Deepak Chopra's Spiritual Advice For The Unemployed

Deepak Chopra unemployment adviceBy Joseph Walker

Anyone who has ever been passed over for a promotion or failed to negotiate the pay raise they thought they deserved knows what it feels like to be down in the dumps. For the long-term unemployed -- about 5.3 million Americans -- feelings of anxiety are even more acute.

Deepak Chopra, the physician, spiritualist and author, thinks he has some advice that can help assuage the negative feelings that come with trying to get ahead. His new book, "Spiritual Solutions: Answers to Life's Greatest Challenges," posits that many of us see only crisis in failure, and not the opportunity to do better.

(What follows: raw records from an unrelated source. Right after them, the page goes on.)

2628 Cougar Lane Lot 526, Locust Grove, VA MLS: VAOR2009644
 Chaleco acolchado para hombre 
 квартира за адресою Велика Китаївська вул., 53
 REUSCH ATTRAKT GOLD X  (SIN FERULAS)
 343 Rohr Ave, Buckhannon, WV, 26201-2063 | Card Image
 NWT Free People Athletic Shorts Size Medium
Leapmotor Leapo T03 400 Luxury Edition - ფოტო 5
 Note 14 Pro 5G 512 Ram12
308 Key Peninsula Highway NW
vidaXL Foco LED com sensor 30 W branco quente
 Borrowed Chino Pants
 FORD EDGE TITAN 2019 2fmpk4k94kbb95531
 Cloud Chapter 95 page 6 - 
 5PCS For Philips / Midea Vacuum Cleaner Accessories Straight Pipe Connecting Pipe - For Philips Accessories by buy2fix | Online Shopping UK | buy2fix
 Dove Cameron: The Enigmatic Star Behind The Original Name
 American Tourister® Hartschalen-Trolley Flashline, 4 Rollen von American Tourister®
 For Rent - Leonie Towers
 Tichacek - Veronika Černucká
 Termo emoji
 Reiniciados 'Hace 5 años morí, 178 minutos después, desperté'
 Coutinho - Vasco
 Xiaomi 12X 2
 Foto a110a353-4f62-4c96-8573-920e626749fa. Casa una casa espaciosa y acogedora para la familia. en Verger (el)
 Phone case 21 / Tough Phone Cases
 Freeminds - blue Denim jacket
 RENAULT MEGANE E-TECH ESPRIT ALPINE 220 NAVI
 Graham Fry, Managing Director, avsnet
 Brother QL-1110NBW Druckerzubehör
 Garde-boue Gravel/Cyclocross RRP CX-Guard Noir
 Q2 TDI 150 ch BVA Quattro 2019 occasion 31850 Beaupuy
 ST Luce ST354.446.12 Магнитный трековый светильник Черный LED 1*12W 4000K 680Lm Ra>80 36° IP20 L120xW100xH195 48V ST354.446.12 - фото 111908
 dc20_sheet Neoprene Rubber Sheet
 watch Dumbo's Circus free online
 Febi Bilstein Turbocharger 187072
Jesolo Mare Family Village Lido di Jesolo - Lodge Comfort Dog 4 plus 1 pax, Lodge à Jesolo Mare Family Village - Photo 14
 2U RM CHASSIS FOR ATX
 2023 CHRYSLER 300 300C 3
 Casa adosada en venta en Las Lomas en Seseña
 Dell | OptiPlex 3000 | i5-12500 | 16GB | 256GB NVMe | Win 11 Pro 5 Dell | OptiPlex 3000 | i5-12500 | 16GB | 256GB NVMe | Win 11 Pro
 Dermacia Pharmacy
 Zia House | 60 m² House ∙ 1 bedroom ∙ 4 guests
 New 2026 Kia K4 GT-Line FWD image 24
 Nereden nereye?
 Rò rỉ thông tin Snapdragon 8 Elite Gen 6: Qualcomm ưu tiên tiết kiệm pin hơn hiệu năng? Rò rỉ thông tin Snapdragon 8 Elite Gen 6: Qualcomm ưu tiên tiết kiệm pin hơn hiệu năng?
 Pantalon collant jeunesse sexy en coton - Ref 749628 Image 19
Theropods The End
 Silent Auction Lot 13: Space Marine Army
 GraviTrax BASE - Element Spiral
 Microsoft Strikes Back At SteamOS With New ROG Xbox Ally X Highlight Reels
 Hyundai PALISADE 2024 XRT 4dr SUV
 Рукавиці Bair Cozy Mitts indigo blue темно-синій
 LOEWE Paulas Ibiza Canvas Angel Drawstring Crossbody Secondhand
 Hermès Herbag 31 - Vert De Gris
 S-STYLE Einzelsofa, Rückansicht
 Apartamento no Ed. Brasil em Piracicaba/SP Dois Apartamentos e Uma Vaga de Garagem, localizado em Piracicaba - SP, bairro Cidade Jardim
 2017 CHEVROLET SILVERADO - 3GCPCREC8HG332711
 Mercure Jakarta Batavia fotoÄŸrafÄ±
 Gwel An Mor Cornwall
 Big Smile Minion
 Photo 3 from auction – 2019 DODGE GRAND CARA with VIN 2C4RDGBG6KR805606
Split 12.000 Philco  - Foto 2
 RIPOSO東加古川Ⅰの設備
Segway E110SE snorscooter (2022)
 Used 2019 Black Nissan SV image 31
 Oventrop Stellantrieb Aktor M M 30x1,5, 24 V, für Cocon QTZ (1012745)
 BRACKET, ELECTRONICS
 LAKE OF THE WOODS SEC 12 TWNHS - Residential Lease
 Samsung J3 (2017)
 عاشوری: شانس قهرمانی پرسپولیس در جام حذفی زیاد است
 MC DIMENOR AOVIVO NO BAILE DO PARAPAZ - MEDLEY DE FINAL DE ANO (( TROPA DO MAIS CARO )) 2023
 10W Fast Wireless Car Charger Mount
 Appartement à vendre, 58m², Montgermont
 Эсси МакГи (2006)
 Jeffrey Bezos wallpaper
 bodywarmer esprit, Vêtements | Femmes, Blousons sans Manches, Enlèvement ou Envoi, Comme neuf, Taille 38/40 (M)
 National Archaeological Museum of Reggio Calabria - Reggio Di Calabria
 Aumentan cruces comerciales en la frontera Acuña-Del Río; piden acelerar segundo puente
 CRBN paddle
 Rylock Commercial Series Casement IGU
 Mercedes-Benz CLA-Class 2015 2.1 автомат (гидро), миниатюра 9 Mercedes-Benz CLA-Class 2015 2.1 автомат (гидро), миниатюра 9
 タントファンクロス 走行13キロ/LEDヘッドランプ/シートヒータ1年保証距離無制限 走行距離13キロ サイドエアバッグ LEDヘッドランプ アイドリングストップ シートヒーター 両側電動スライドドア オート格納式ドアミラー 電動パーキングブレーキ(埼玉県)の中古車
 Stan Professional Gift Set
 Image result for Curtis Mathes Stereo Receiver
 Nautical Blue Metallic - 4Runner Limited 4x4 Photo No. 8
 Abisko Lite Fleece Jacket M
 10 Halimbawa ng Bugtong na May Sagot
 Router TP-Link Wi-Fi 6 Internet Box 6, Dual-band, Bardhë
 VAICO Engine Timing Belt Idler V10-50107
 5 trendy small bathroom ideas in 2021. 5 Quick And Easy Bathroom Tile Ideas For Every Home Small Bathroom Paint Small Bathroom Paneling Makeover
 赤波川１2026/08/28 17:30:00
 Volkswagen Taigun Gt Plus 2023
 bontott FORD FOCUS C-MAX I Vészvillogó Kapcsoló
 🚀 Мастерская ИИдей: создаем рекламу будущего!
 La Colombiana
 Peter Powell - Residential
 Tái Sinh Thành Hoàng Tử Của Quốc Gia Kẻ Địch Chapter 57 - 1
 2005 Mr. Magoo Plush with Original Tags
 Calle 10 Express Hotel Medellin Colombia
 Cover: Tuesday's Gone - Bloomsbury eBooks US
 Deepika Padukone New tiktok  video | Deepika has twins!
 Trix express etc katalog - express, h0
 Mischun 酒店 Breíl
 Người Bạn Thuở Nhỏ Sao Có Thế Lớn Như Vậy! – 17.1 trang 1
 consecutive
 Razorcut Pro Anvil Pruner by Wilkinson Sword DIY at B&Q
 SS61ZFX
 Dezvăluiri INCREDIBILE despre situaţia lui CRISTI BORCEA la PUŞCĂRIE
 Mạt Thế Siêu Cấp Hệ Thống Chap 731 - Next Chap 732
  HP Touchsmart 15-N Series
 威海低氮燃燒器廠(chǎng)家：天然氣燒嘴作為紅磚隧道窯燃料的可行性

Most of us have only "contracted awareness," which is like being in a dark room with just a candle to illuminate what's around us. "Expanded awareness" gives us a flashlight to see the opportunities that exist within the darkness, and "pure awareness" is when the curtains are pulled back and sunlight illuminates everything.

Chopra spoke with FINS about using "divine discontent" to inspire your career, the importance of asking reflective questions, and why there are more opportunities contained within crises than we realize.

Joseph Walker: People sometimes feel they haven't achieved enough in their careers. Do you have any advice for them?

Deepak Chopra: The best advice for people is to take a little time for reflection and ask themselves deeper questions even though they seem to have no immediate answers. The questions would be: Who am I? What do I want? What's my purpose? What makes me really happy or joyful? What are my unique skills and talents and who could use them? Who are my heroes in mythology history or religion? Could they be my role models? What are the relationships I'd like to cultivate? If you ask the questions, life will lead you into the answers. But you need to live those questions.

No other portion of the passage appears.